The author tries to answer three question: 1) Are dispositions real? 2) Are they active (capeable of producing something)? 3) What changes do they induce in the scientific picture of world? To cut a long story short, disposition are real, active, and implicatively relevant – to the world outlook. A special attention is paid to how dispositions work in the world of communication, how they help us to reach mutuality or some bilateral understanding – a driving purpose of any communication. In this connection the author confirms his dispositionally-communicative approach to the social.

КЛЮЧЕВЫЕ СЛОВА: диспозиция (диспозитив), онтология, субстанциализм, реляционизм, коммуникация, взаимопонимание

KEY WORDS: disposition, ontology, substantialism, relationalism, communication, mutual understanding.

Диспозициям, диспозиционности в нашей, отечественной, философии явно не повезло. Концептуального и профессионально коммуницируемого осмысления этой проблемы у нас пока нет. Дальше «диспозиционального предиката» дело не пошло. Похоже, философы  не видят здесь достаточной предметной универсальности, соглашаясь заодно с традицией ограничения диспозиционности сферой субъективного и исключения из нее всего объективного мира[i]. В отраслевых же разработках данной проблемы – психологической, юридической, экономической и др., доминирует, как правило, дефинитивная определенность и терминологический смысл.

Что касается мировой, прежде всего западной, философской мысли, то диспозиционность в ней сегодня – один из самых эвристичных предметов исследования. И не только в логическом плане, коим отечественные авторы привыкли ограничиваться, а в самом что ни на есть философском - онтологическом (метафизическом) и гносеологическом. Интересом к диспозициям сопровождаются здесь многие, если не все фундаментальные философские исследования, и это, несомненно, говорит об их продвинутости и современной методологической зрелости. По справедливому замечанию К. Поппера, «мы можем сказать, что все физические (и психологические) свойства диспозиционны. То, что поверхность красная, означает, что она имеет диспозицию отражать свет определенной длины волны. То, что луч света имеет определенную длину волны, означает, что он предрасположен (disposed) вести себя определенным образом, когда на его пути встречаются поверхности различного цвета, или призмы, или спектрографы, или диафрагмы со щелями и т. д.» [Поппер 1957, 70]. К. Попперу вторит Н. Гудмен: «Кроме наблюдаемых свойств, которые она демонстрирует, и актуальных процессов, которые она претерпевает, вещь полна угроз и обещаний. Диспозиции или способности вещи – ее гибкость, ее воспламеняемость, ее растворимость – не менее значимы для нас, чем ее очевидное поведение» [Гудмен 1973, 40].

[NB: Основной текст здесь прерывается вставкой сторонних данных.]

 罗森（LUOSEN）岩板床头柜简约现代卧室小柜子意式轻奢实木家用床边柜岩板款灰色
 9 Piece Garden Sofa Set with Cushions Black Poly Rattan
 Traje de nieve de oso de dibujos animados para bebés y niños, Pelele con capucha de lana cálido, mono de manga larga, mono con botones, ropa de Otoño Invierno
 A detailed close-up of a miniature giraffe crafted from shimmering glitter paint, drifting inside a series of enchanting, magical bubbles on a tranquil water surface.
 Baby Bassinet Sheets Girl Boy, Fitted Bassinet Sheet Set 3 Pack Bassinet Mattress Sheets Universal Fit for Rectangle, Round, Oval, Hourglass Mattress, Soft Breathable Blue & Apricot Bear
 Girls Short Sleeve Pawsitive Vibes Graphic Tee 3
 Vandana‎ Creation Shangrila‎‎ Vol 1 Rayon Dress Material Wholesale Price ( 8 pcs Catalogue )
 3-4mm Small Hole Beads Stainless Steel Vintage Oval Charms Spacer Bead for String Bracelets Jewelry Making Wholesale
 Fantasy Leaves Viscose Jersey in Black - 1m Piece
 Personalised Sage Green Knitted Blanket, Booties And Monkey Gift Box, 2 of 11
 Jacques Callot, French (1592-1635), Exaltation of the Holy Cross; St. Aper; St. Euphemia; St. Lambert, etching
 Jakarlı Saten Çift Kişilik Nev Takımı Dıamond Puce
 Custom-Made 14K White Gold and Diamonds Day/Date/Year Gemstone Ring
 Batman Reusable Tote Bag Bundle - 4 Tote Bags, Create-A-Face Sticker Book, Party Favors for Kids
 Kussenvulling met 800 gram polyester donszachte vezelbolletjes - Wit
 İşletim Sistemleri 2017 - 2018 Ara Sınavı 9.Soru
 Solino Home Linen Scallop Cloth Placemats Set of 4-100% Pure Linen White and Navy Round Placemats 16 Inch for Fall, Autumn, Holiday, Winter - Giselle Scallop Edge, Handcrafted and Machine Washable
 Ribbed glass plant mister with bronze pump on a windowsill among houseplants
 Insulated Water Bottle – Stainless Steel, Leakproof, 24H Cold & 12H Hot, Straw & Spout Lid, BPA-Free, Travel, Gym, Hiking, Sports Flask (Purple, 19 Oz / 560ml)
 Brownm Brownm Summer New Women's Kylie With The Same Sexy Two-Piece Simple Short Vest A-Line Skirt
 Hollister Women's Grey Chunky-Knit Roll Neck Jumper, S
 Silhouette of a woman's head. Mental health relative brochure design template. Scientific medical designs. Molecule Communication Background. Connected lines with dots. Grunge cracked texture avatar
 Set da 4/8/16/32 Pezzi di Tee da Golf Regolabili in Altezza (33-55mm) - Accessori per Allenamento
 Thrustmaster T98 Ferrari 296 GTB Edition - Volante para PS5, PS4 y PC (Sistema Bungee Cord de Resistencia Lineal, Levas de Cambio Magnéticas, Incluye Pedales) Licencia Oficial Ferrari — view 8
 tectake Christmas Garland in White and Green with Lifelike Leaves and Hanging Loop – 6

Единодушия, впрочем, здесь нет. У. В. О. Куайн, например, считает, что атрибуция диспозиционного предиката объекту отражает лишь неполноту нашего знания о нем. Когда, например, мы говорим, что сахар «растворим», то мы в действительности приписываем ему актуальное или явное (categorical) свойство, имеющее микроскопическую природу, знания о которой у нас явно недостаточно. Диспозиция, с его точки зрения, есть не более чем «частично различимое физическое свойство, которое, надеемся, будет более полно идентифицировано вместе с прогрессом науки» [Куайн 1971, 13]. С ним согласен и Д.М. Армстронг: «все истинные свойства … недиспозиционны» [Армстронг 1997, 80].

Весьма богата насчет диспозиционности, диспозиций и историко-философская традиция, но заниматься ею мы здесь не будем. Во-первых, это достаточно самостоятельный аспект проблемы, во-вторых, такая работа уже проделана, хотя и не нами, не у нас[ii] (см. [Гнассуну, Кистлер 2007)], а в‑третьих, ретроспективных ссылок будет немало и в настоящей работе.

Прежде чем перейти к собственно проблемному вопрошанию обозначенного таким образом предмета исследования, целесообразно определиться с его общими контурами, задаваемыми семантикой слова и соответствующими терминологическими сочетаниями. Предрасположение (реагировать определенным образом в определенной ситуации), вне сомнения, – главный семантический (и дефинитивный) корень «диспозиционности». Но их, корней этих, здесь много, особенно с учетом коннотативных связей и переплетений. Оксфордский словарь английского языка закрепляет за «диспозицией» такие значения, как «естественная тенденция», «наклонность», «темперамент человека», «приведение в порядок», «относительное (рас)положение частей», «приготовление, планы». Диспозиция, далее, – это некое «естественное поведение вещей», то, что прячется, гнездится, сидит (setting) в том или ином явлении, материале, объективном положении вещей. На концентрированно субъектном языке диспозиция есть некая наклонность, восприимчивость, а если сблизить «предрасположенность» с «расположением» (исходное dispositio делать этого не запрещает), то дополнительно еще и симпатия, хорошее настроение – словом, то, что вызывает благоприятное отношение к перспективе сближения позиций, выработки согласованного решения в конечном счете – взаимопонимания. В позднелатинской семантике однокоренного dispositivus (переводится как «распоряжающийся») содержится указание на право действовать по своему усмотрению, допущение или разрешение выбора.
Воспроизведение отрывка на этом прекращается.